Source material –
-=-=-

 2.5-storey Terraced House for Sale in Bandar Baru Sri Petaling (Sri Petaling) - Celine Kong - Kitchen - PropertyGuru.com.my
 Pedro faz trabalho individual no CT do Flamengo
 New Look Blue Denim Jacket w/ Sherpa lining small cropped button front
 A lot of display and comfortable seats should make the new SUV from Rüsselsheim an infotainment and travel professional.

-=-=-

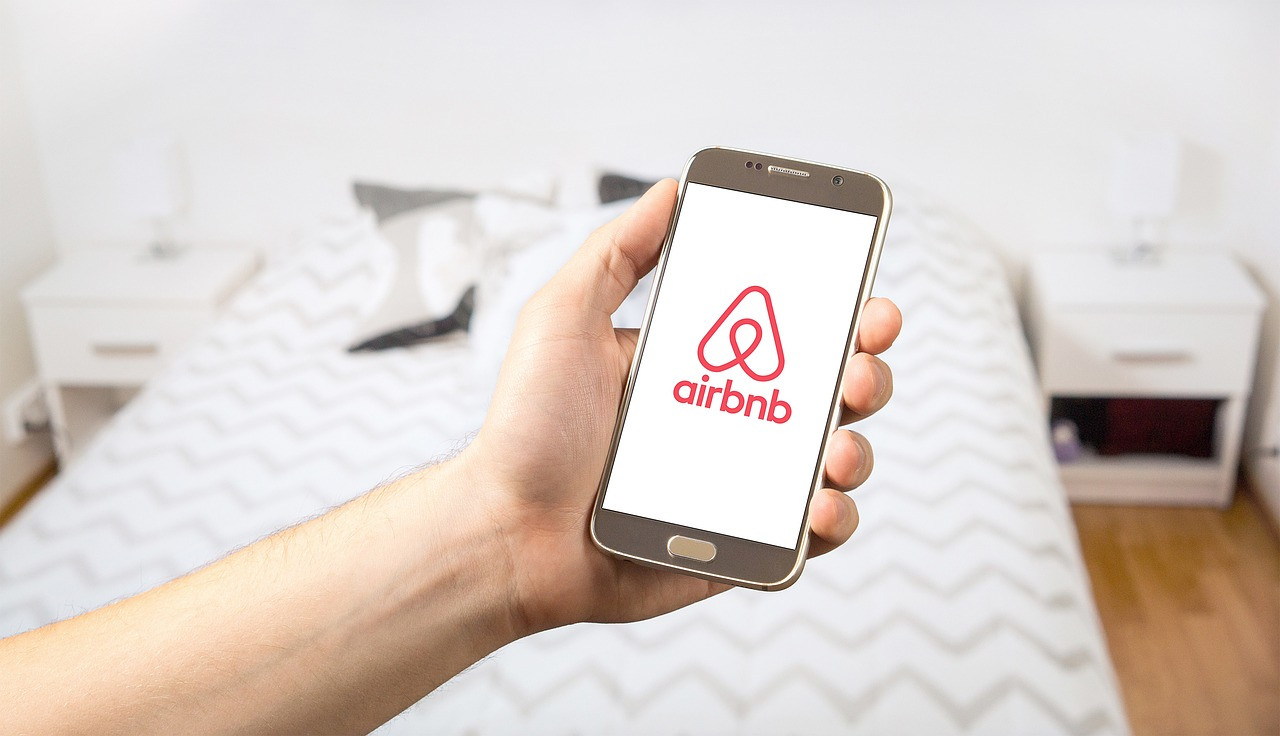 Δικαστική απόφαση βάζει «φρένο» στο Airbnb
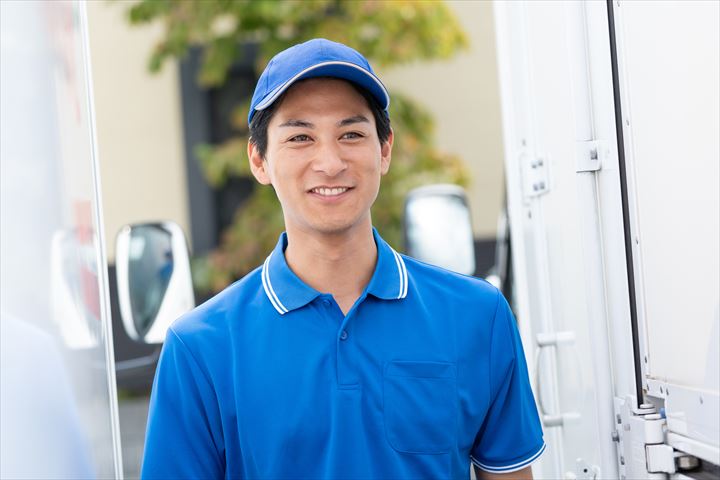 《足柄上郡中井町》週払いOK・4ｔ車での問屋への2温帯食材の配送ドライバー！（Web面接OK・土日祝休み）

-=-=-

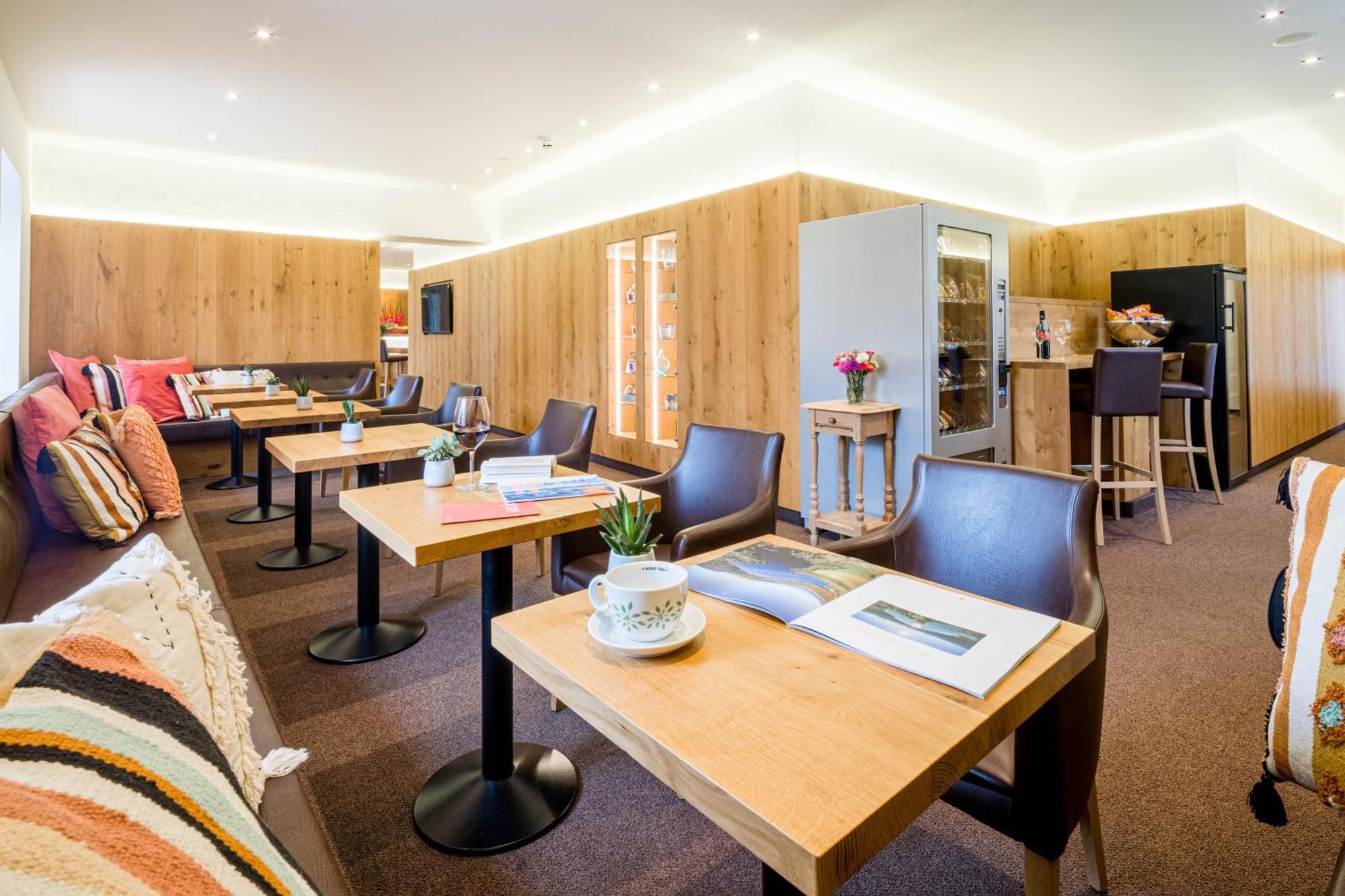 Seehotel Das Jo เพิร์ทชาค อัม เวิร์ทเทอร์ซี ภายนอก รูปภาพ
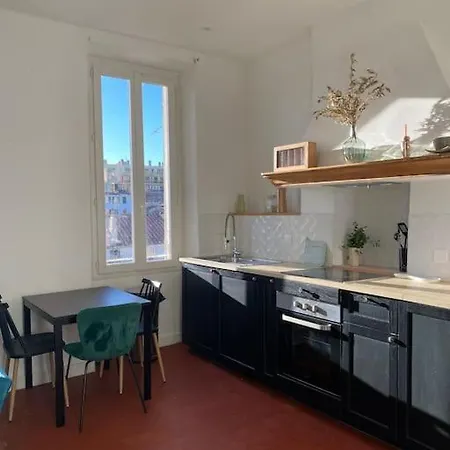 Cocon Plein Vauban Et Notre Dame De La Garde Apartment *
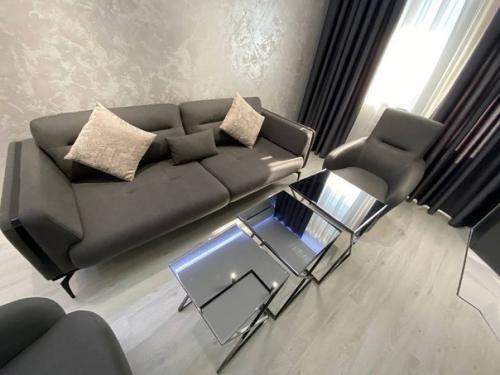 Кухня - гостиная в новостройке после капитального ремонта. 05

-=-=-

Assignment – Word for word, write out the lines above running from the one with "Seehotel Das Jo" up to and including the one with "Кухня - гостиная". Drop any picture.

Answer to the problem –
 Seehotel Das Jo เพิร์ทชาค อัม เวิร์ทเทอร์ซี ภายนอก รูปภาพ
 Cocon Plein Vauban Et Notre Dame De La Garde Apartment *
 Кухня - гостиная в новостройке после капитального ремонта. 05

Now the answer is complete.